ECLI:NL:RBROT:2008:BG9821
Rechtbank Rotterdam
- Eerste aanleg - enkelvoudig
- H.W. Vogels
- Rechtspraak.nl
Effectenlease en huurkoop: beoordeling van rechtsverhouding tussen eisers en Aegon
In deze zaak, die werd behandeld door de Rechtbank Rotterdam, hebben eisers, wonende te Rotterdam, een vordering ingesteld tegen Aegon Bank N.V. De vordering is gebaseerd op overeenkomsten die in 2000 zijn gesloten, genaamd 'SprintPlan', waarbij Aegon een bedrag van € 30.630,16 heeft belegd voor rekening en risico van eisers. De eisers vorderen diverse verklaringen voor recht en betaling van het genoemde bedrag, vermeerderd met rente en kosten.

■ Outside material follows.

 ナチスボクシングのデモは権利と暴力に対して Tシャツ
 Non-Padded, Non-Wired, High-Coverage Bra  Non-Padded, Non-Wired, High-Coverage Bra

Aegon heeft de vordering gemotiveerd betwist en geconcludeerd tot afwijzing, met veroordeling van eisers in de kosten van het geding.
De rechtbank heeft kennisgenomen van verschillende processtukken, waaronder de dagvaarding en de conclusies van antwoord, repliek en dupliek. De zaak is pas ter beoordeling genomen door de thans behandelend rechter vanwege wisselingen in de personele bezetting en bestaande achterstanden. De rechtbank heeft besloten de zaak aan te houden in afwachting van een uitspraak van de Hoge Raad in een vergelijkbare effectenleasezaak, die naar verwachting in februari of maart 2009 zal worden gedaan. Dit besluit is genomen om partijen de gelegenheid te geven zich uit te laten over de aanhouding en mogelijke verwijzing naar de kantonrechter.
De rechtbank heeft vastgesteld dat er veel jurisprudentie bestaat over effectenlease, met name in de Dexia-zaken, en dat de bijzondere zorgplicht van banken en het toestemmingsvereiste van artikel 1:88 van het Burgerlijk Wetboek belangrijke punten zijn in deze procedure. De rechtbank heeft de zaak naar de rol verwezen voor het nemen van een akte, waarbij eisers als eerste aan de beurt zijn. De beslissing om de zaak aan te houden is genomen om een efficiënte procesorde te waarborgen en om partijen de kans te geven hun geschil mogelijk onderling te schikken. De rechtbank heeft benadrukt dat, indien er geen schikking tot stand komt, partijen moeten aangeven welke geschilpunten nog resteren, rekening houdend met de dan bekende jurisprudentie.